Friday, April 22, 2016

Many People's Food Palates Are So Narrow Minded

How Americans pretend to love ‘ethnic food’

There is a lie we like to tell ourselves, a bending of the truth that permeates most of the food world in the West. We like burgers and fries, and other quintessentially American dishes, but we also love foreign cuisines, the vast and varied bucket of foods we rush to dub "ethnic."

Why do we feel that way? Or, at least, why do you think we act as though we feel that way?

I think it's partly a misunderstanding, a question of us just not knowing as much about these cuisines and cultures as we think we do. I actually have a really good example.

A recent graduate from the Culinary Institutes of America — so a trained chef, someone who should know more about food than the average person — was very upset that I had written this book.
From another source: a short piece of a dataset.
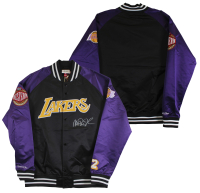 Magic Johnson Signed Lakers Mitchell & Ness Warm-Up Jacket (Beckett) at PristineAuction.com
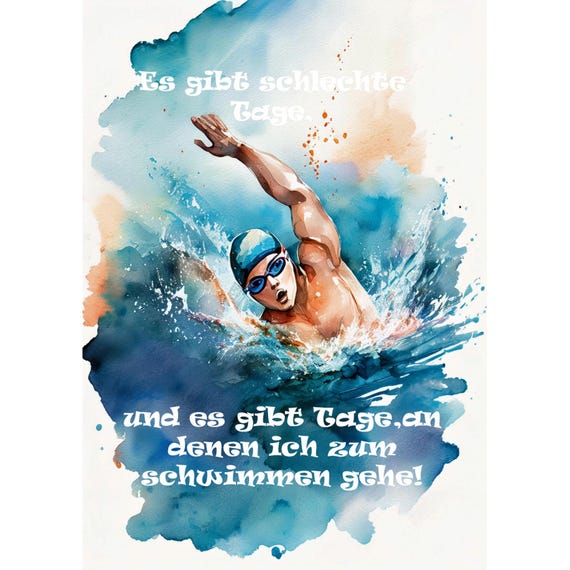 Postcard. Funny saying bad day swimming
She said, 'well there are no Chinese chefs in the top 100 chefs in the world, because Chinese food and cooking is one-dimensional.' I couldn't believe it. Chinese food is one-dimensional? It's the cooking of a billion people, over thousands of years of written records and connoisseurship. To dismiss the whole cuisine as one-dimensional, but think about French cuisine, which doesn't date back nearly as far, as the home of all these complicated and varied techniques, tells you everything you need to know. She clearly knew very little about Chinese cuisine. She didn't have a taste or a palate for it. But, as it has been said many times before, she did not know what she did not know, and that's kind of the pitfall here.

Are you saying we have such a warped desire for these foods, that the reasons for it are so warped, we would rather have someone make the food that looks the part than someone who actually knows the cuisine very well?

Yes, and that's a pretty astute way to put it. If it appears to be authentic, it is authentic to us.

A really good example is the fact that most Japanese restaurants in the United States are run by Chinese, most inexpensive ones anyway. At expensive Japanese restaurants, this isn't the case — those employ skilled Japanese chefs — but those are few and far between. If you want to lure a skilled Japanese chef to a place like New York City, you have to pry them from a high-wage market in Japan. That means we have to pay them a lot more money. If you're going to pay $8.99 for sushi, which is the bottom of the market, there's no way you're going to get a Japanese chef to do it. That price cannot pay the opportunity costs for this chef to leave Japan. So instead we get poor immigrants, and not ones from Japan. Often that means a Chinese chef, since to most Americans they look similar.

The same can be said of Indian, and in many ways it's even truer. Most cheap Indian food is made by Bangladeshis and Pakistanis, and most Indian food here is cheap. Of course, people don't realize that. But it's true. More than 70 percent of the Indian restaurants in New York City, for instance, are not run by Indians. They are run by Bangladeshi and Pakistani restaurateurs.

And you know what? All of this works, because we can't make out the difference.